Computational identification of biologically functional non-hairpin GC-helices in human Argonaute mRNA
1 Institut für Molekulare Medizin, Center for Structural and Cell Biology in Medicine (CSCM), Universität zu Lübeck, Ratzeburger Allee 160, Lübeck, D-23538, Germany
2 Graduate School for Computing in Medicine and Life Sciences (GS-CMLS), Universität zu Lübeck, Ratzeburger Allee 160, Lübeck, D-23538, Germany
BMC Bioinformatics 2013, 14:122 doi:10.1186/1471-2105-14-122Published: 10 April 2013
Perfectly formed duplex elements in RNA occur within folding units, often as a part of hairpin motifs which can be reliably predicted by various RNA folding algorithms. Double helices with consecutive Watson-Crick base-pairing may also be formed between distant RNA segments thereby facilitating long-range interactions of long-chain RNA that may be biologically functional. Here we addressed the potential formation of RNA duplex motifs by long-range RNA-RNA interactions of distantly located matching sequence elements of a single long-chain RNA.

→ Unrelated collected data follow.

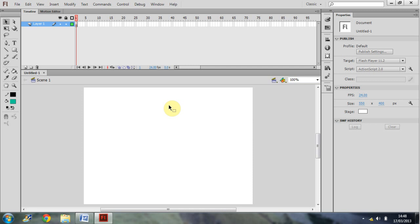Okay, now that we've got that out of the way, you can see we have a brand new project open. Basically all we're going to do now is have a quick look at the layout of Flash, how it's been presented to us.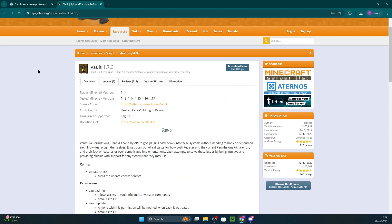Vault is a crucial plugin because it acts as a universal interface for various server features like permissions, chat, and economy systems. Plugins like EssentialsX, Lockperms, Economy, Grief Prevention, and many more use Vault.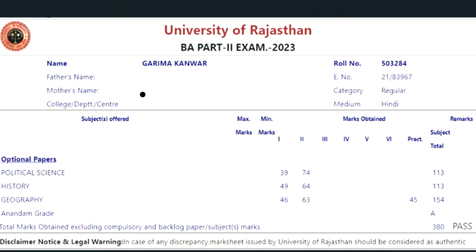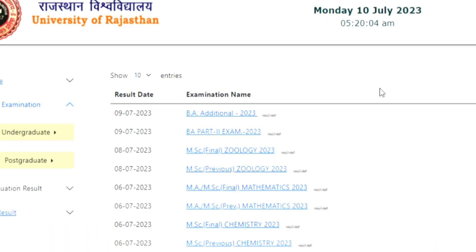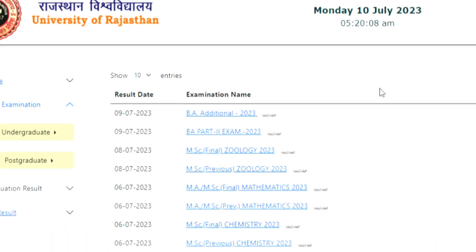The second year result was declared in Rajasthan University. To download it, click on the link in the description. As you click on the link in the description, you will come to this page.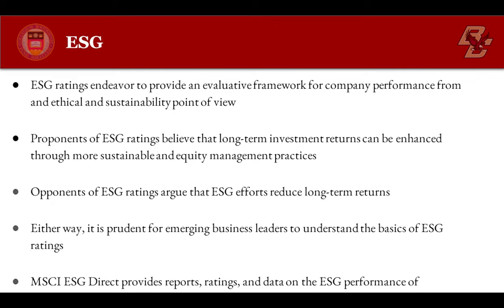Proponents of ESG ratings believe that long-term investment returns can be enhanced through more sustainable and equity management practices.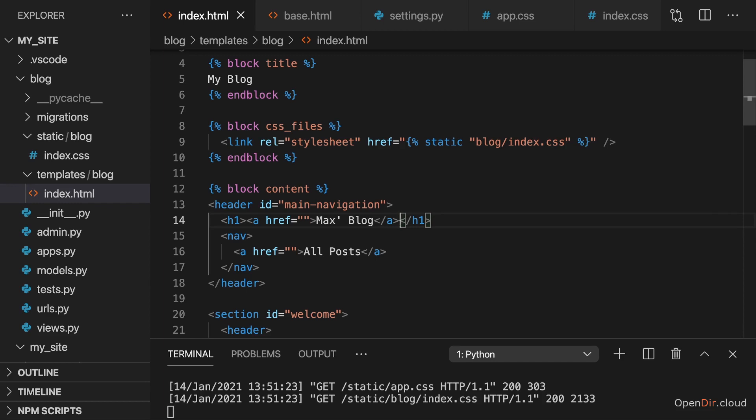If you have images that should be part of your application or website, you add them like CSS files. It will be a bit different if we're talking about file uploads, but that's something we're going to dive into in a separate section later in the course. Working with file uploads is a separate thing.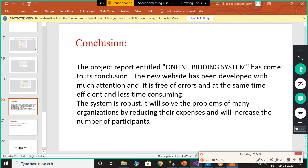Finally, the conclusion of our project. The project entitled Online Bidding System has come to its conclusion. The new website has been developed with much attention; it is free of errors, efficient, and less time-consuming. The system is robust and will solve the problems of many organizations by reducing their expenses and increasing the number of opportunities. Thank you.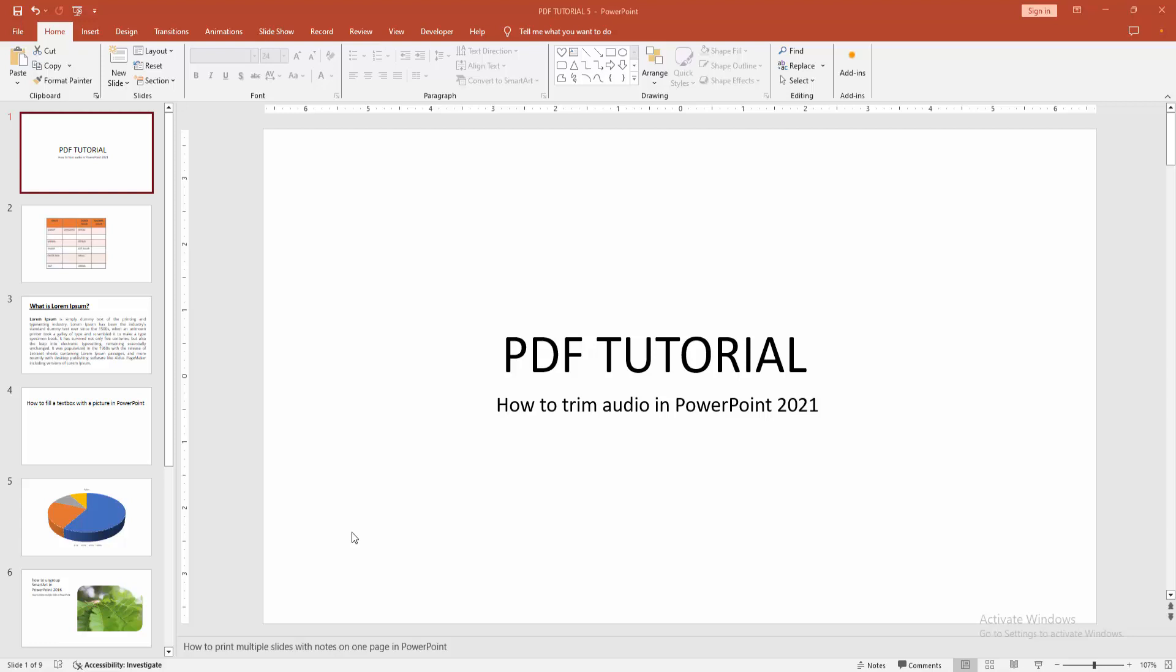Hello friends, welcome back to my another video. In this video I am going to show you how to trim audio in PowerPoint. Let's get started. At first go to the home menu, select the new slide drop down menu.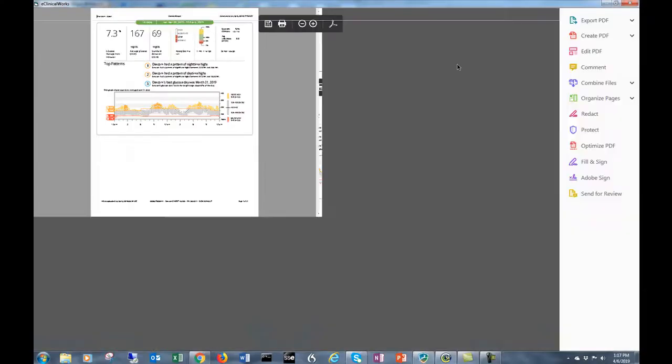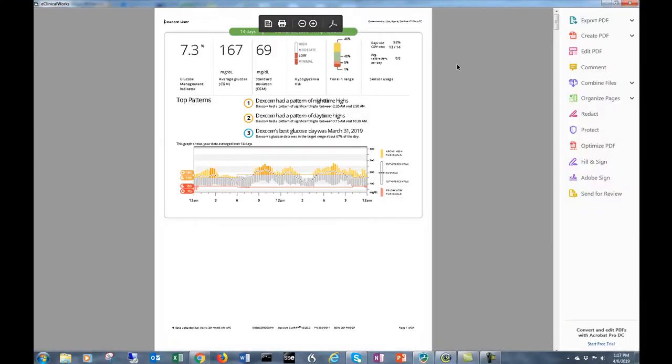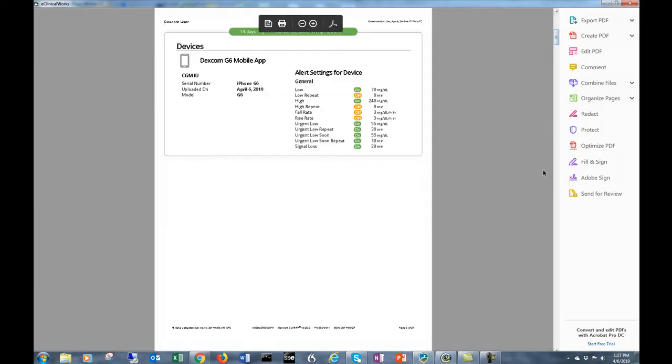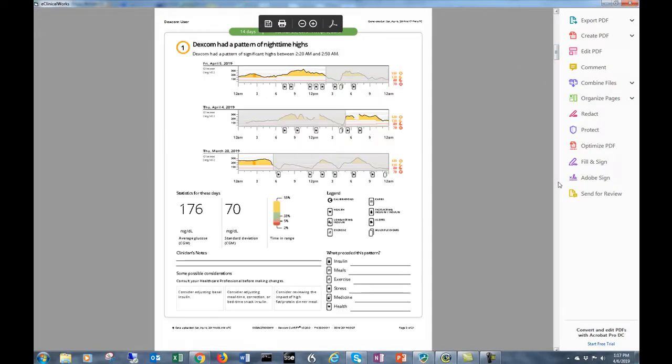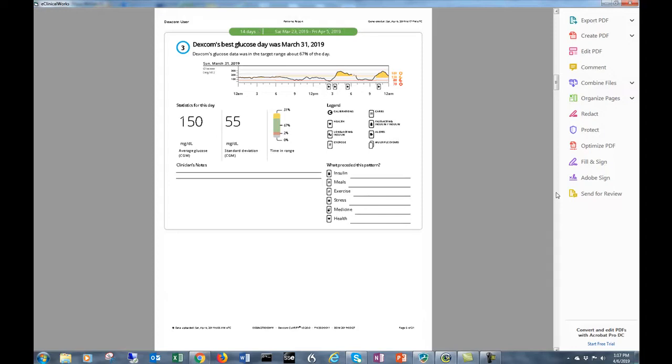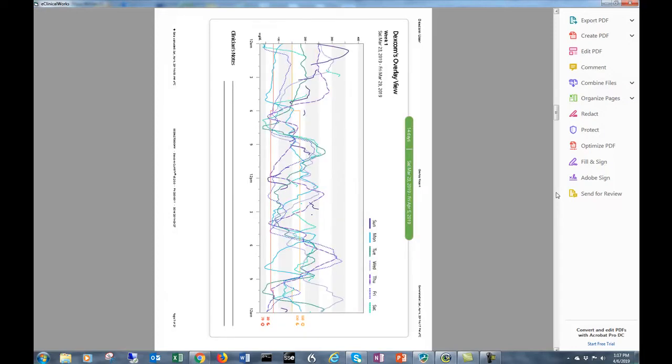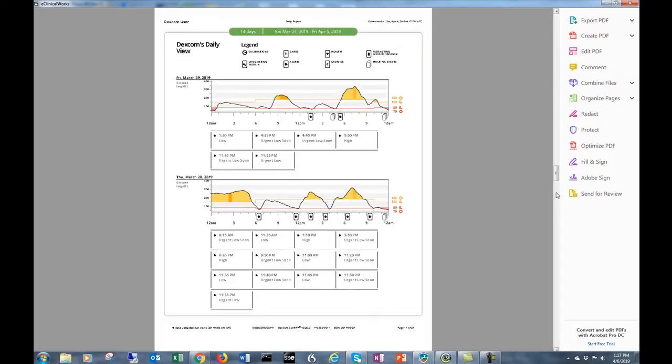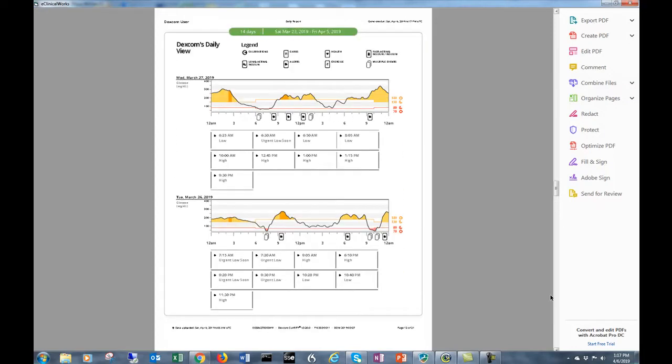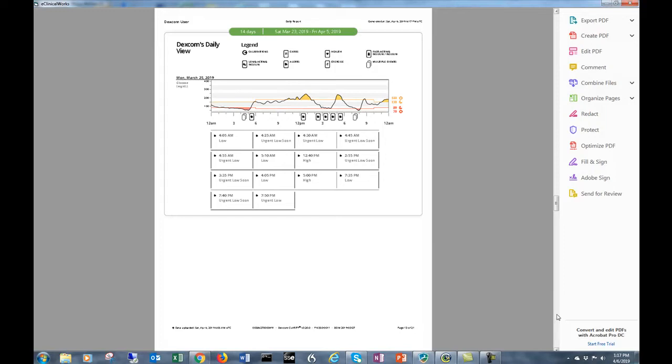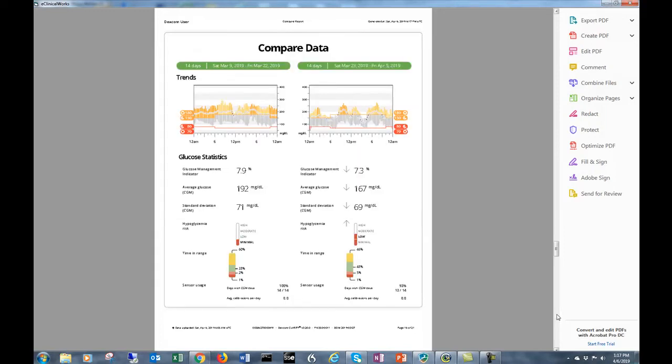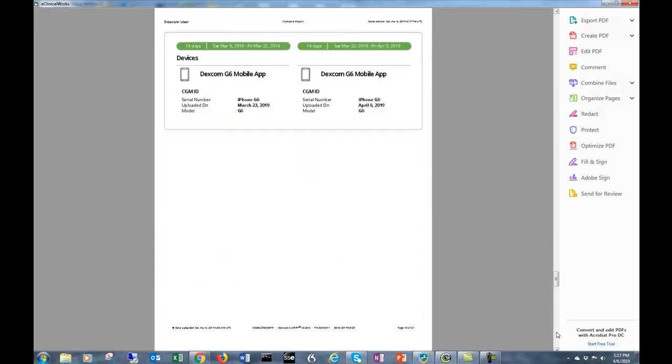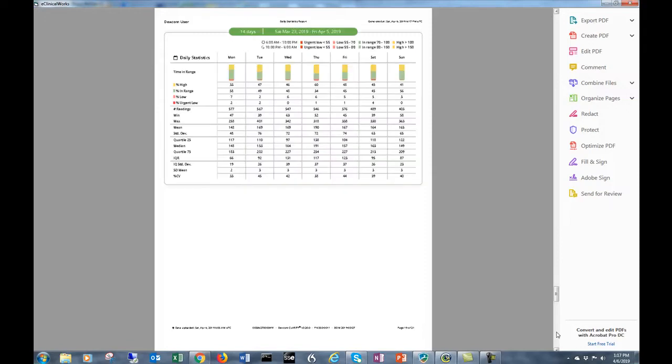This is the complete Dexcom clarity report. It includes the glucose management indicator, which is a new feature of Dexcom. You can see each day's report for the last two weeks and the glucose levels in a modal day report and the Dexcom AGP report.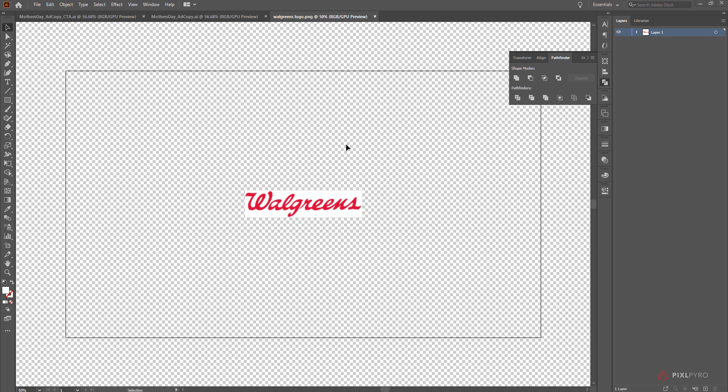Okay, so here's a Walgreens logo. I just got it from the internet. What I'm going to do is image trace it in Illustrator to make it a vector file.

We generated a Python-based software tool that identifies consecutive RNA duplex elements at any given length and nucleotide content formed by distant sequences. The software tool, dubbed RNAslider, is built on the theoretical RNA structure prediction algorithm Mfold. Source code and sample data sets are available on demand. We found that a small ratio of human genes including the Argonaute (Ago)-like gene family encode mRNAs containing highly GC-rich non-hairpin duplex elements (GC-helix) of equal to or more than 8 base pairs in length and we provide experimental evidence for their biological significance.
GC-helices are observed preferentially within the 5′-region of mRNAs in an evolutionarily conserved fashion indicating their potential biological role. This view is supported experimentally by post-transcriptional regulation of gene expression of a fusion transcript containing 5′-sequences of human mRNAAgo2 harbouring GC-helices and down-stream coding sequences of Renilla luciferase.